Recently one of our newer customers started on their first solo board setup. They had previously seen XJTAG demonstrated and had also had their initial board setup done by an XJTAG engineer. When they came to setting a board up for themselves they tried to follow the path that the XJTAG engineer had talked them through – and one of the things they’d been shown was that very early on in the setup we categorise links, zero-ohm resistors, fuses etc as passive connections, even though, being on power/ground nets these items are not accessible from or directly testable by JTAG.
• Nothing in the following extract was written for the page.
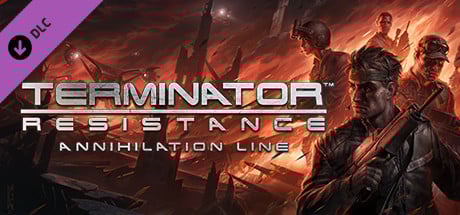 Terminator: Annihilation Line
The reasons that we make these categorisations (and recommend that you do too) are:

  1. Circuit designers often do not give helpful names to spurs from their power nets. This makes it unclear, when you see test results, whether the net involved in an error is power (rather than N3775640 or something like that).
  2. Once XJTAG knows about the real extent of the power and ground nets in the circuit it can make much more sensible suggestions about which resistors are pull resistors (and these are quite likely to be testable once XJTAG knows what they are. It also helps to prevent other mis-categorisations of components later in the project setup.
  3. When you come to look at the test coverage of your circuit on the DFT screen, the picture is much more complete if the power and ground nets are accounted for properly.

Anyway – we figured if we set out an explanation of why our experienced engineers take this approach, others can learn from it and get better test coverage as a result!